Gilles Kepel sèchement accueilli à Carthage
Venu mardi en émissaire spécial du président français Emmanuel Macron, l’intellectuel Gilles Kepel a été reçu par le président de la République Kais Saïed d’une façon qui déroge aux amabilités diplomatiques d’usage.
Le moins que l’on puisse dire est que l’ambiance semblait tendue au Palais à l’arrivée de la délégation française où était également présent l’ambassadeur français André Parant.
Après quelques propos convenus sur les thématiques à l’ordre du jour de cette rencontre, une vague « redéfinition des concepts » où le président Saïed aime à rappeler qu’il ambitionne la mise en place de « nouveaux paradigmes » en tant que leader d’un genre nouveau, ce dernier se fend d’une phrase lourde de sens, dès les salutations faites à son hôte : « Nous avons dépassé le 19ème siècle. L’ère de Jules Ferry est révolue »…
« Absolument », acquiesce Kepel, pour qui cela semble couler de source.
« La souveraineté » martelée une dizaine de fois
Rapide changement de plan dans la vidéo montée par le Palais. « Je m’adresse à Monsieur l’ambassadeur de la France », enchaîne Saïed, solennel. « S’agissant des rapports avec la Tunisie, nous avons des rapports de bon voisinage, avec de nouvelles perspectives qui impliquent une légitimité réelle du pouvoir. La distinction doit être claire entre la légitimité et la légalité… Parfois il n’y a qu’une pseudo légalité. Pour que la légalité soit légitime, elle doit être l’expression de la volonté générale du peuple, l’expression de la volonté du titulaire de la souveraineté ».
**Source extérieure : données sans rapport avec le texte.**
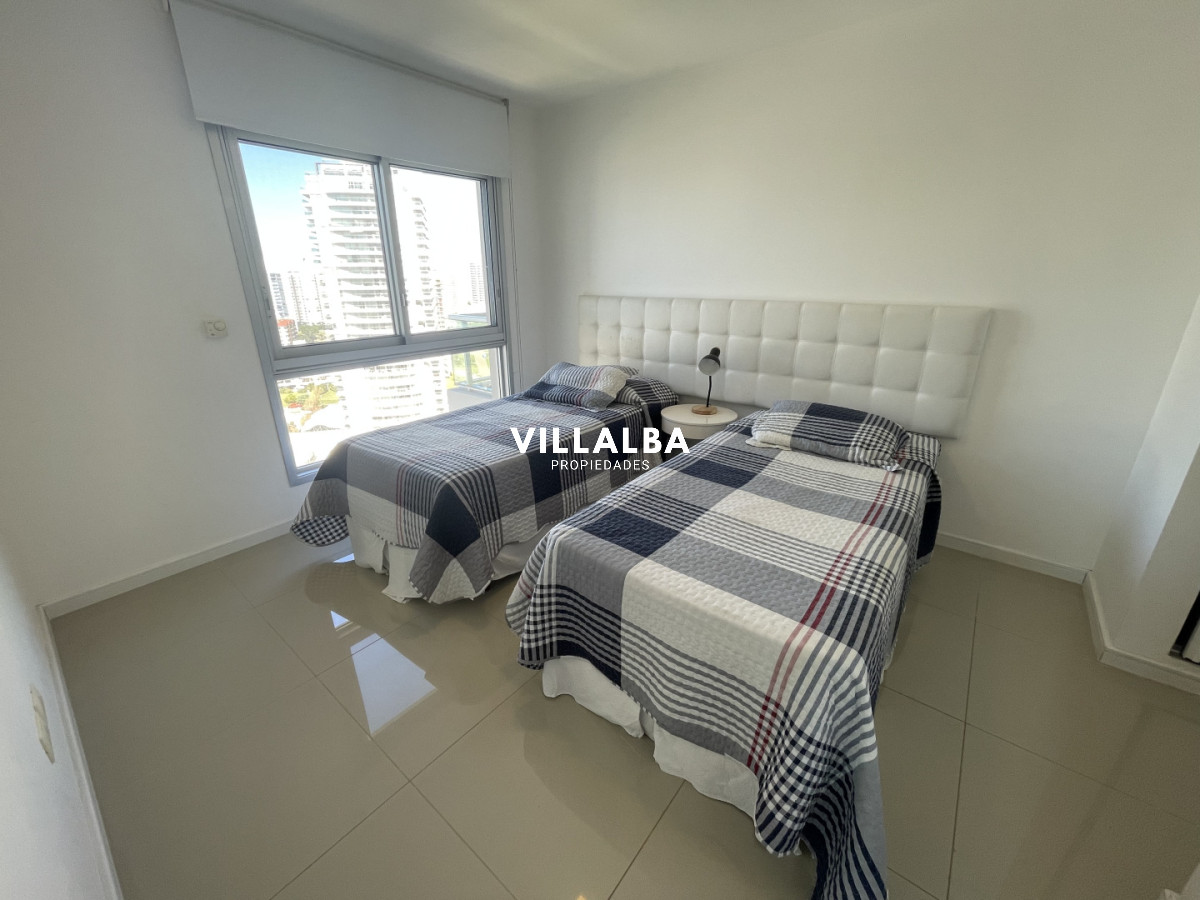 Apartamento ID.4344 - Wind Tower en venta piso alto!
Que signifient ces propos quelque peu cryptés et abscons ? En se référant à la rhétorique de Kais Saïed pour les traduire, il s’agit simplement de l’affirmation de sa propre légitimité autoproclamée comme étant un leader découlant « réellement » de la volonté populaire, et ce pour la première fois depuis l’histoire post indépendance de la Tunisie. Ce faisant, le président tunisien requiert explicitement d’être traité autrement que ne l’avait fait la France, tutélaire, avec ses prédécesseurs dont Bourguiba, Ben Ali, et Caïd Essebsi.
En précisant qu’il adresse ses propos spécifiquement à l’ambassadeur de France, Kaïs Saïed a par ailleurs réitéré les termes « souveraineté » et d’« Etat souverain » à pas moins de neuf reprises en deux minutes, rappelant au passage que « l’homme est né libre », dans une citation de Rousseau, puisée dans ses archives qu’il aime à déterrer.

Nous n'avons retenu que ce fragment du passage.